Sunday, December 13, 2015

Matches or candles. . .

Once again I find myself wishing I had come up with the line:  We’re not just striking matches, but lighting candles.  The line is in reference to what happens in worship and is meant to condemn the kind of worship experiences in which people are spoon fed Jesus under the guise of religious entertainment or turning the gathering for worship into a means of evangelizing or substituting flashy media for solid Scripture or focusing upon self-awareness over the splendor of God's grace or making people spectators instead of participants or confusing faith with loving Jesus or mindlessly pursuing what people want for the moment or think they need this second instead of being faithful to the Gospel or using music to toy with the emotions of people instead of a conduit for the Gospel. . .

When you strike a match you see a sudden burst of flame.  Too often we confuse this with faith or mistake life in Christ for a constant series of flashes.  Life is not a stream of ever increasing emotional highs.  Just the opposite, life in Christ is lived out within the trenches of sin, disappointment, repentance, restoration, and renewal.  Too many churches seek a worship setting that strikes a match and leaves the people heading home in the afterglow when they should be lighting candles.  That is the problem with matches -- they burn bright and hot but quick and then there is nothing.  Too much of modern Christianity is designed to do just that in the life of the Christian and those within these churches face the real disappointment of emotional highs that cannot be maintained and unrealistic expectations about what faith is and how it is to be lived out.  So the unchurched are often people who were involved in Christianity but got burned out or burned up with nothing to sustain them through the long haul.  They burned bright and hot but only for a moment and then were left with a charred ember of what they thought was faith.

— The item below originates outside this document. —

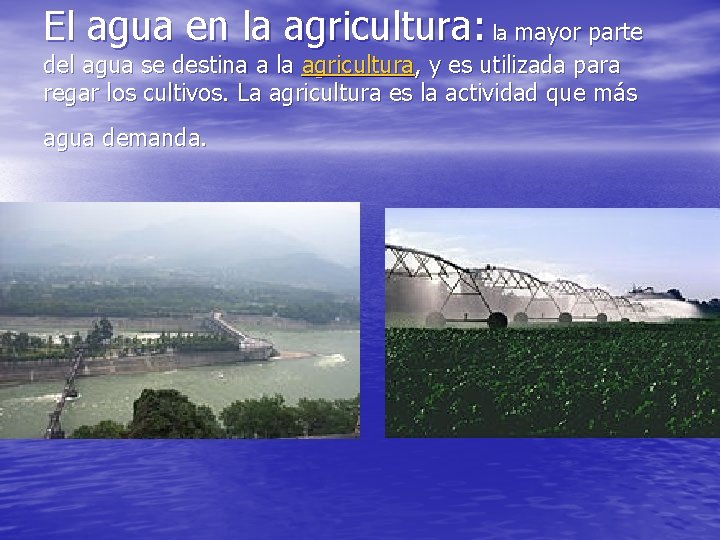 El agua en la agricultura: la mayor parte del agua se destina a la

When you light a candle you do not get a sudden burst of great light.  Instead you get a small glow that is fragile but, if it continues, will burn into a sturdy flame that can withstand wind and remain burning.  We need to spend more time lighting candles that are meant for a long, steady light in the darkness rather than a quick, sudden burst that goes as quickly as it comes.

Nowhere is this more true than with the way we treat our youth.  Even liturgical churches have succumbed to the false idea that children cannot understand or appreciate the things of God without being entertained, usually with the latest and greatest technological toys, and spoon fed baby food instead of the solid food of Christ and Him crucified.  Whether at national or regional events or in the home parish, our great temptation is to entertain our kids to death rather than light their candles with the light of Christ and His Word.  We give them unrealistic expectations of what it means to live as a Christian in the world.  We dazzle them in the moment and leave them ill equipped to deal with the realities of a world in conflict with the faith and their own confusing lives as people in but not of the world.  We give them fun instead of Jesus and the fun we give them is but a pale imitation of the things they already have access to in the mall, the internet, and their smart phones.

A conversation revealed that a group of Lutheran youth had gone to a more orthodox Lutheran youth experience and left disappointed because it was like church, was not fun, and in fact was boring.  We did this to our youth and we do this to adults new to the faith and, when we dare to admit to ourselves, we confess that we too find worship and Christian life mostly boring and dull.  But that is the thing.  Life is filled with the routine, the ordinary, and the mundane.  Christian life is lived out in this same context.  Instead of killing the faith in our kids or poisoning the converts with the idea that faith is one emotional high after another, we need to be honest -- like Jesus!  We live our lives under the cross, in the world amid sin and as sinners whose hearts still long too much for that which is wrong and evil.  We constantly live out our faith within the cycle of sin and repentance that repairs, restores, and renews us from our failures before sin, temptation, and evil.  We bear a cross and not a ticket to excitement.  We will suffer and we will sacrifice in order to remain faithful but he who endures to the end WILL be saved.  We dare not grow so content with the world and its allure because our citizenship is in heaven and we long, like the groaning creation around us, for the new heavens and the new earth God has promised and prepared for those who love His appearing.

We have to stop trying to light matches and begin lighting candles with the Light of Christ that comes through the means of grace and, by the power of the Holy Spirit, transforms us into the people of God.  Our people are falling away, our new people are not staying, and our youth are running away because we have lied to them about what faith is and how Christian life is lived out.  This is a race but not to the finish line -- it is a race of endurance.  The slow and steady always wins.  To those planning worship, those preparing youth programs, and those who reach out to the unchurched, do not forget.  People are not matches but candles.